Seriously though, I've been expecting a pullback in the Dow and S&P for about a month now. The technicals are just out of whack, but then every time we get a pullback looming some M&A activity comes along and props the market back up. It's pretty interesting. I'm no longer looking for a pullback though, and there are a couple reasons why:

Sentiment: The old Warren Buffet quote about being "fearful when others are greedy, and greedy when others are fearful" thing. Currently, there are a lot of people talking about and expecting a pullback. In fact there are a lot of shorts out there right now too. When there are alot of people talking doom and gloom and stocks are holding up or are actually doing well, that usually spells great returns for the market.

Technicals: China had a 6.5% selloff the otherday and the Dow & S&P actually posted big gains. That's huge considering what the last Chinese selloff did to us back in late Feb and early March. Again today there was a 9% or so selloff in China, and as of 12:30 we're only down 11 points on the Dow and the S&P is actually up 0.65. That's huge too, as if these markets were topping there should be a monster pullback.

Economics: Supply and Demand. $11.5 Billion in M&A deals, and monster buyback programs has created a big constriction in supply. I'm not going to harp on the supply side, as you hear it in the news alot. Demand is actually increasing. The "Global Economy" is creating new wealth everywhere, and smart people are putting their money to work for them. Where do they put it? Certainly not in bonds (and that's why those yields are creeping upwards) with their yields so darned low.

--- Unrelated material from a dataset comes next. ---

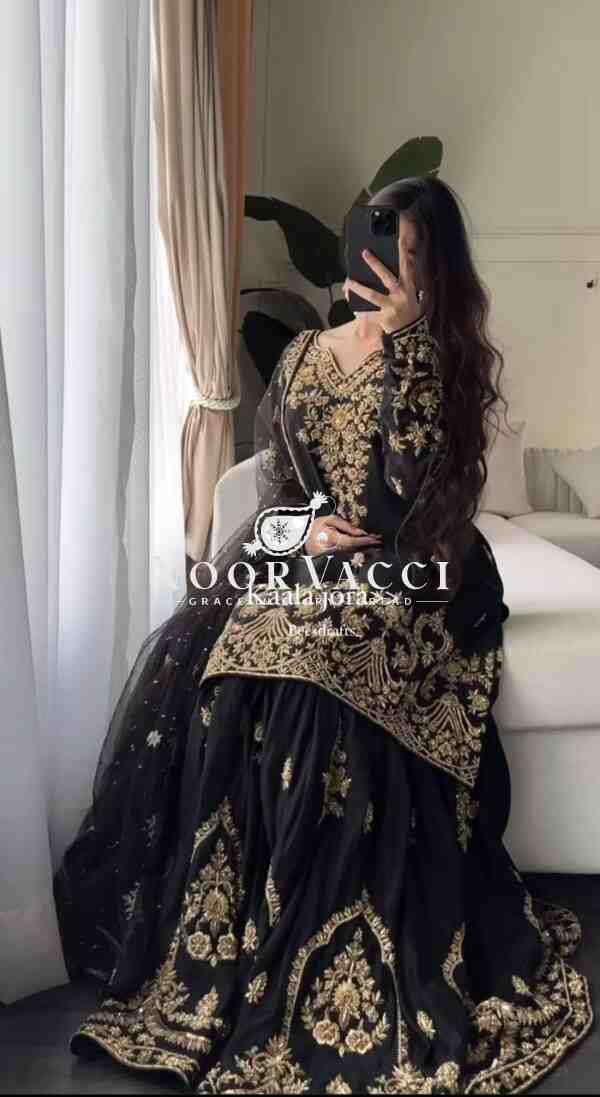Natural Crepe Embroidered Sharara Plazo Set with Dupatta - Image 4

Certainly not in residential real estate with prices still dropping. Possibly commercial real estate with low interest rates and stable cash flows in the form of rents, but real estate is pretty risky and currently the cap rates are way too low to support decent returns. Commodities are pretty obtuse for your average investor, so they're putting it into the vehicles they've always turned to, the market. I didn't mention mutual funds since when they get invested in, they have to put that money to work, and really they have the same choices when you get right down to it.

Fundamentals: P/E, I know you've heard about it on the news everywhere. P/E's are still low relative to the last time we were anywhere near these levels. Earnings are up, interest rates are still low, and that right there is the bottom line. As long as those two stay where they are, the markets will go higher. Personally, I don't think they will remain where they are for very long though.

Those are the reasons why I'm no longer looking for a pullback: Sentiment, Technicals, Economics, and Fundamentals.

Then again, I'm only just barely more accurate than flipping a coin.